Preferably, the XGBoost uses a Boosting integration method, is largely used for data mining, and can process missing values and regularize features so as to realize the function of second-order acceleration optimization of the cost function.
Preferably, the LightGBM is a new gradient-lifted tree framework supporting GBDT, GBRT, GBM and MART algorithms, which is a complete solution for distributed training based on the DMTK framework.
Preferably, the Catboost algorithm includes: in the sensing period, the secondary user sends the energy value in the sensed channel to the fusion center as a characteristic energy vector, and the primary user intermittently sends information of occupying the frequency spectrum resource to the fusion center as a label, so that the construction of the training data set is completed. The model is trained in the fusion center using the Catboost algorithm.
Preferably, the Catboost algorithm is proposed by Yandex, which optimizes the processing of class features and computes leaf node values at the time of tree model selection, rather than data preprocessing, during the training phase, reducing overfitting.
Preferably, the predicted period duration takes eight days as a time window, the eight days are marked as (T-7, T-6, T-5, T-4, T-3, T-2, T-1, T), and for the positive sample, the T-th day is the acute exacerbation onset date; for negative examples, the prescribed time window cannot include 7 days before and after the period of the seizure.
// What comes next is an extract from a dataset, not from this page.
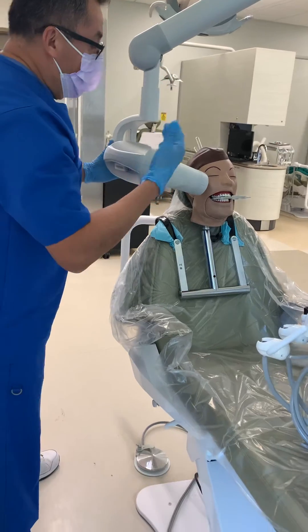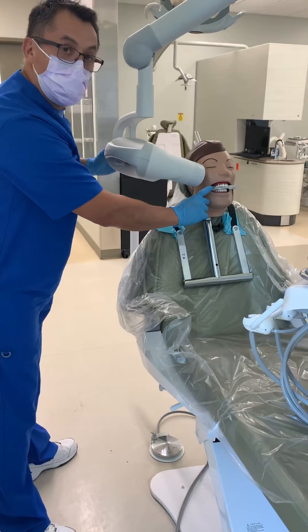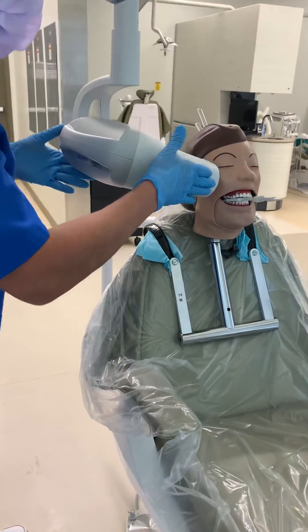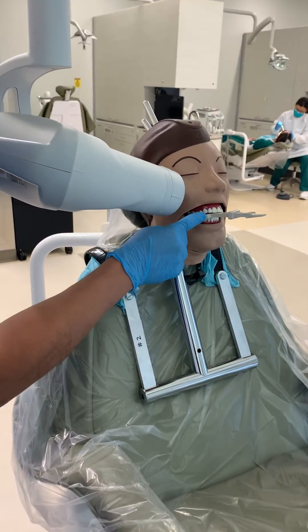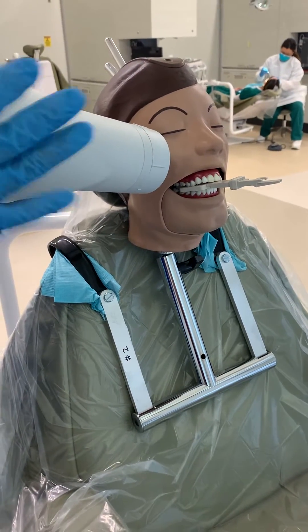Second, we already know that the edge of the film ends up at the mesial of the cuspid. So you're going to align this side of the PID with the mesial. If it's too hard to tell, you can always use this little corner as a reference. If you align it with that corner, you're pretty much there.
Preferably, in order to achieve the effect of early warning, 3 groups of prediction tasks are set in advance in the prediction period:
(1) Task_1, adopting an observation value from T-5 days to T-1 day, and predicting whether the acute exacerbation is carried out on the T day;
(2) Task_2, adopting an observed value from T-6 days to T-2 days, and predicting whether the acute exacerbation is carried out on the T day;
(3) Task_3, using observations from day T-7 to day T-3, predicts whether or not day T is acutely aggravated.
Preferably, in order to reduce the number of features, a Kolmogorov-Smirnov test is performed on the features, the test can compare whether the two distributions are identical, and then the distribution of each feature on the positive sample and the distribution on the negative sample are tested, and the confidence coefficient is 0.05.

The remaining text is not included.